Well, it turns out it’s somewhat higher than the risk of an asteroid slamming into Earth.
A new study published in Nature Astronomy analysed 30 years of data to reveal that there is a roughly one in 10 chance that at least one person will be killed by falling rocket debris in the next decade.
And, what’s more, people in the southern hemisphere are most at risk.
For comparison, the odds of an asteroid striking Earth with fatal impact in any year is one in the hundreds of thousands.
Although rocket launches vary, boosters and other sizeable parts from rockets fall back to Earth or are abandoned in orbit.
In most cases, the abandoned rocket bodies re-enter the atmosphere in an uncontrolled fashion and debris may land anywhere along the flight path.
Using the past 30 years of satellite data, Michael Byers and colleagues projected the “casualty expectation” – or risk to human life – over the next decade as a result of uncontrolled rocket re-entries.

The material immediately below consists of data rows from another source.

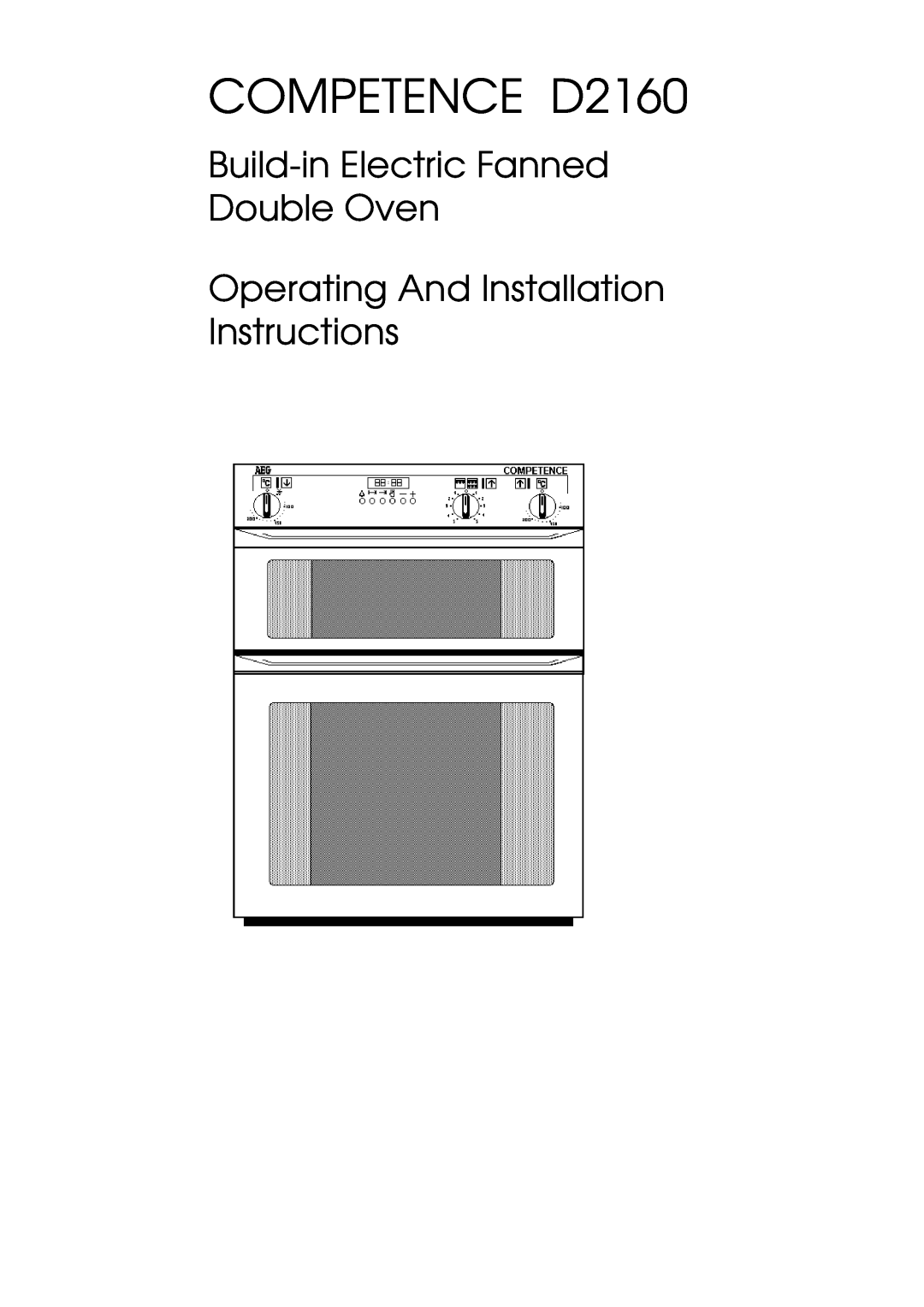 Electrolux installation instructions COMPETENCE D2160, Build-in Electric Fanned Double Oven 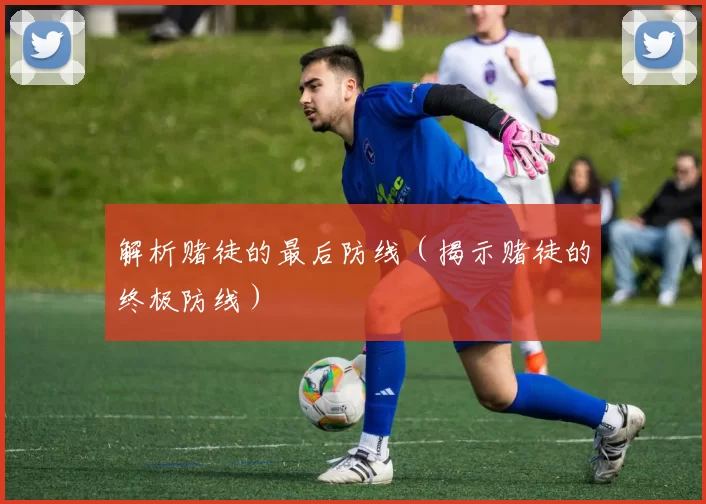 解析赌徒的最后防线（揭示赌徒的终极防线）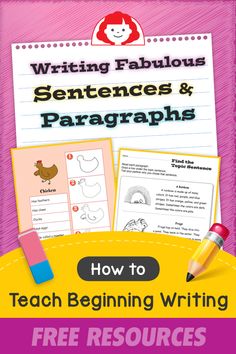 writing fabulous sentences and paragraphs how to teach beginning writing free resources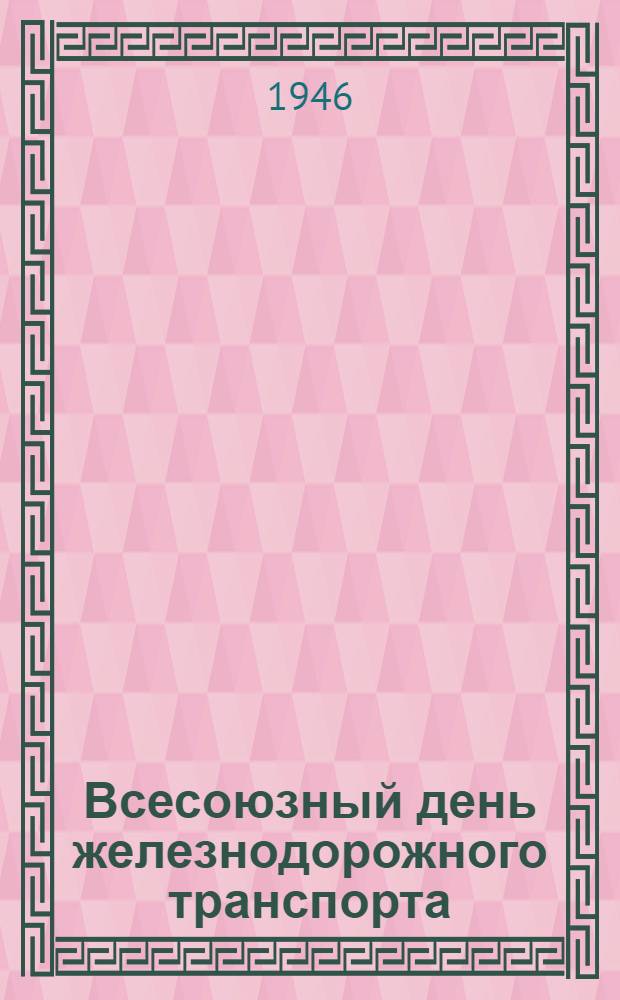 Всесоюзный день железнодорожного транспорта : Материалы и документы для докладчиков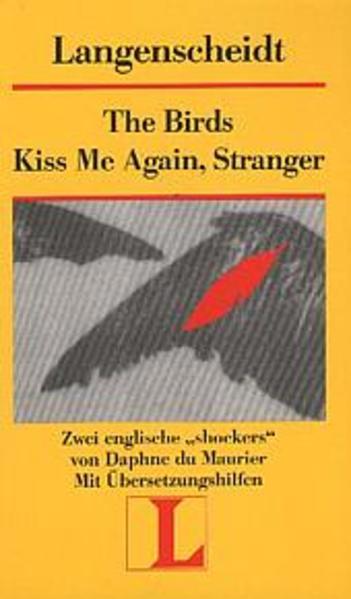 Langenscheidt-Lektüre / Englisch /Amerikanisch / The Birds /Kiss Me Again, Stranger
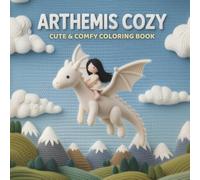 Arthemis Cozy: Cute & Comfy Coloring Book for Adults and Teens Featuring 30 Simple and Pleasant Designs to Color, Ideal for Stimulating Creativity and Providing Moments of Stress-Free Fun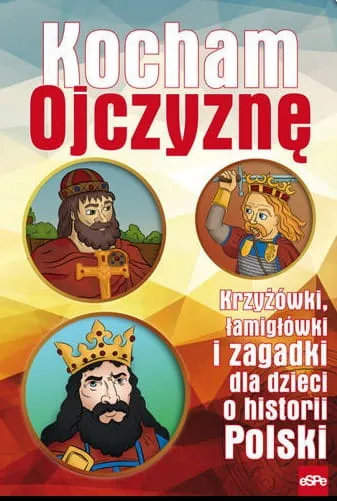 KOCHAM OJCZYZNĘ. Krzyżówki, łamigłówki i zagadki dla dzieci - opr. Michał Wilk e-religijne.pl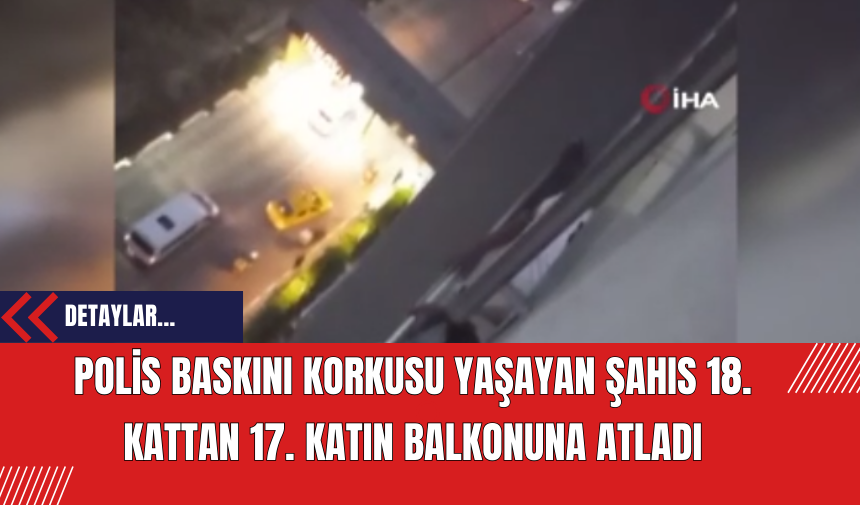 Polis Baskını Korkusu Yaşayan Şahıs 18. Kattan 17. Katın Balkonuna Atladı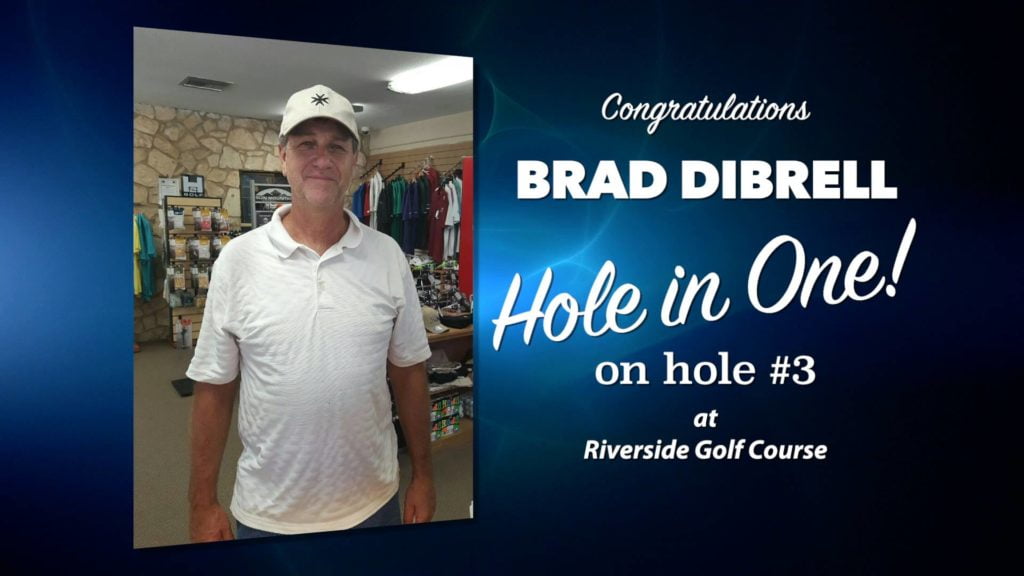 Brad Dibrell Alamo City Golf Trail Hole in One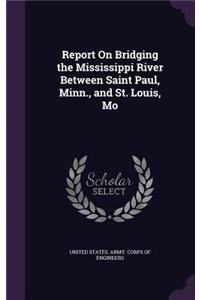 Report On Bridging the Mississippi River Between Saint Paul, Minn., and St. Louis, Mo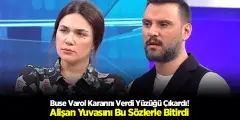 Buse Varol Kararını Verdi Yüzüğü Çıkardı! Alişan Yuvasını Bu Sözlerle Bitirdi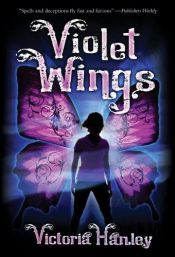 book cover of Violet wings by Victoria Hanley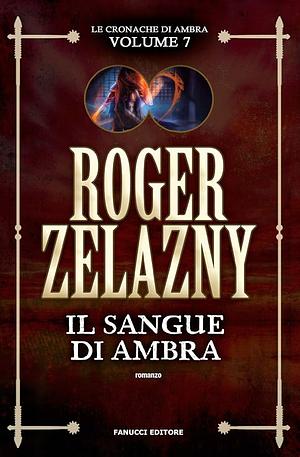 Il sangue di Ambra. Le cronache di Ambra, Volume 7 by Roger Zelazny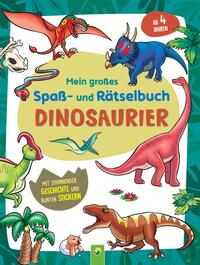 Vorderes Coverbild Mein großes Spaß- und Rätselbuch Dinosaurier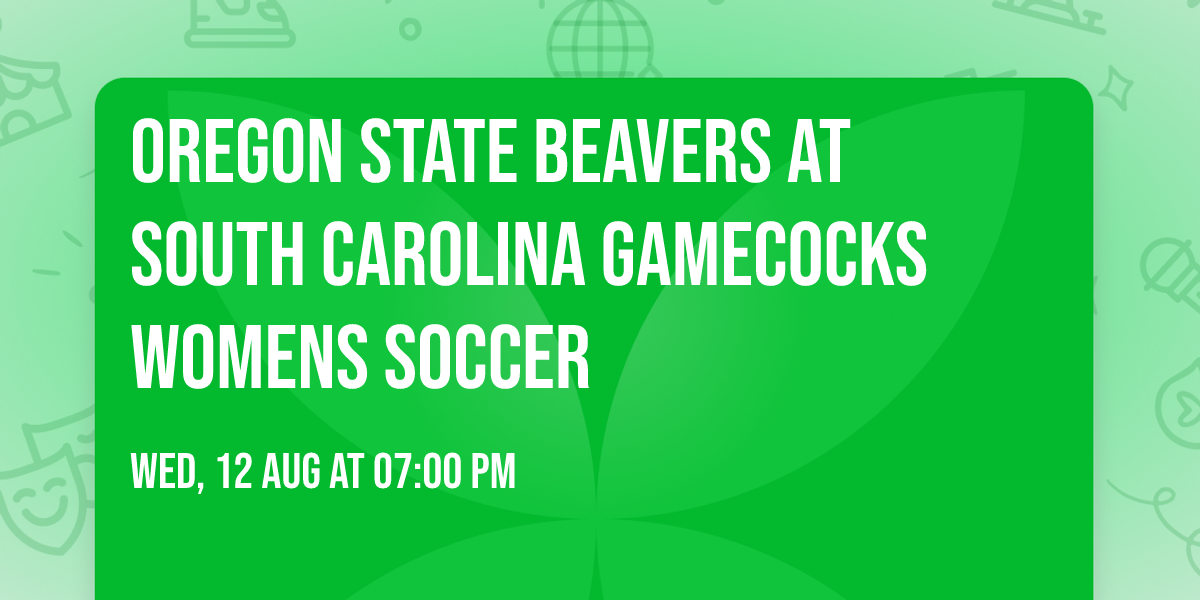 Oregon State Beavers at South Carolina Gamecocks Womens Soccer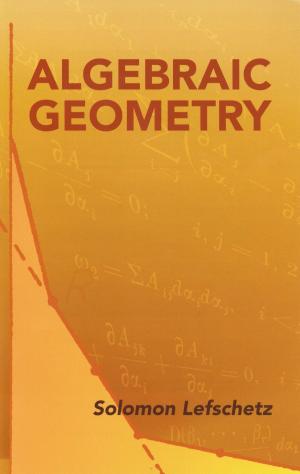 Cover of the book Algebraic Geometry by Pei Chi Chou, Nicholas J. Pagano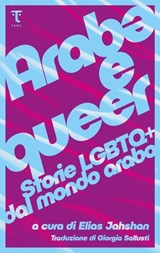 Arabə e queer - Elias Jahshan ; Sandra Cane - 9791280195678
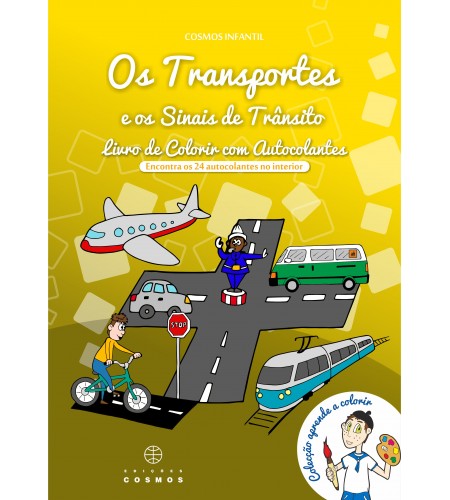 N.º 5 - Os Transportes e Sinais de Trânsito - Livro de colorir com autocolantes
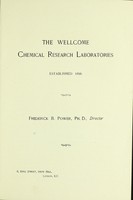 view The Wellcome Chemical Research Laboratories, established 1896 : Frederick B. Power, Director.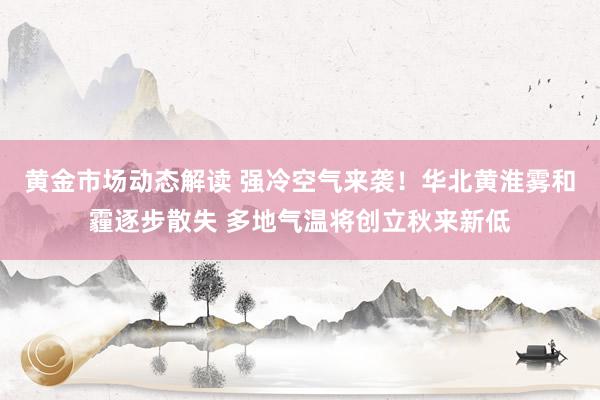 黄金市场动态解读 强冷空气来袭！华北黄淮雾和霾逐步散失 多地气温将创立秋来新低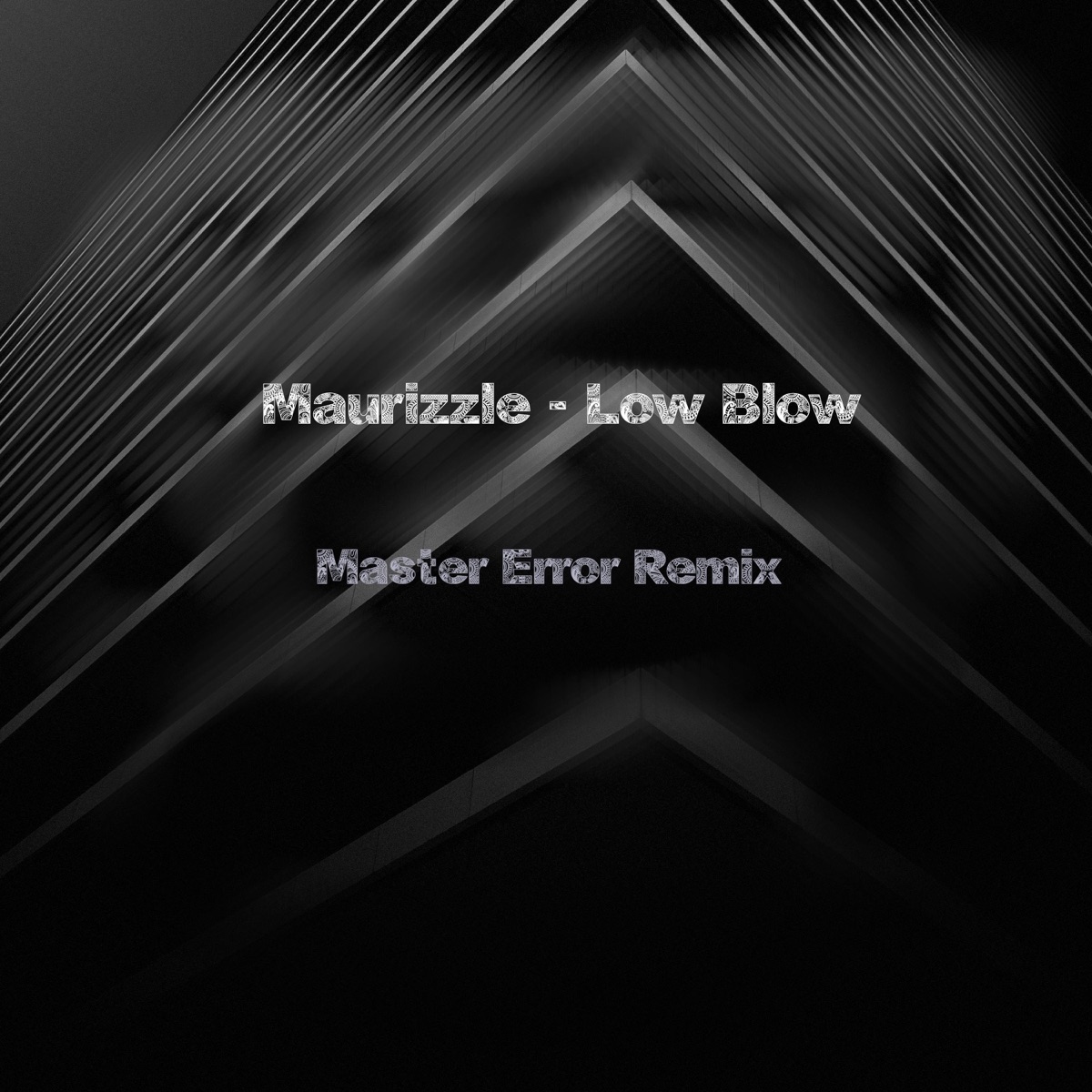 Low Blow (Master Error Remix) - Single by Maurizzle album cover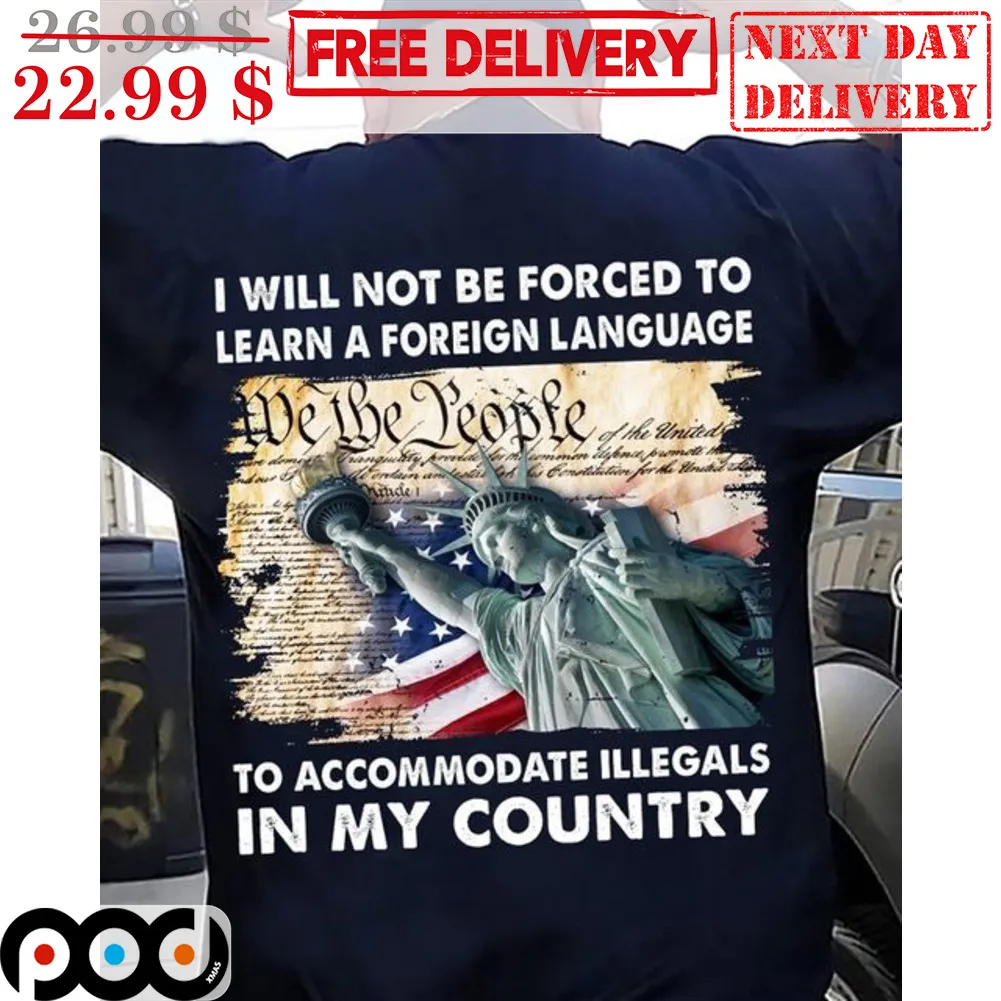I Will Not Be Forced To Learn A Foreign Language To Accommodate Illegals In My Country Vintage Shirt
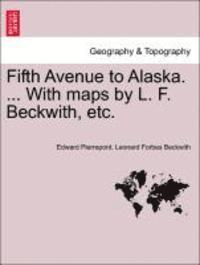 Fifth Avenue to Alaska. ... with Maps by L. F. Beckwith, Etc. 1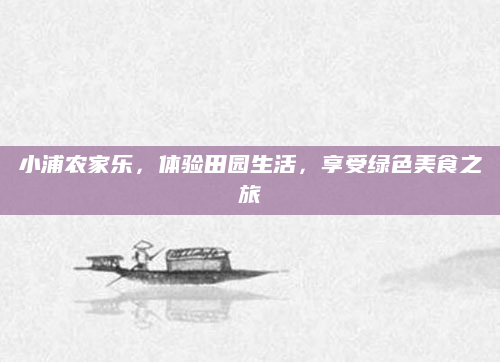 小浦农家乐,体验田园生活,享受绿色美食之旅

The team focused on pieces of rockets that remain partially intact and pose a casualty risk on land, at sea or to aeroplanes.
They revealed that current practices have, on average, a 10 per cent chance of one or more casualties over the next decade if each re-entry spreads lethal debris over an area of 10 square metres.
And rocket bodies are about three times more likely to land at the latitudes of Jakarta, Dhaka and Lagos than those of New York, Beijing or Moscow.
The authors further explained that we already have the technology for guided re-entry systems.
What we lack, they state, is the collective will to employ these because of the associated costs.
They concluded that without multilateral agreements for mandated controlled rocket re-entries, space-faring nations will continue to export these risks unnecessarily.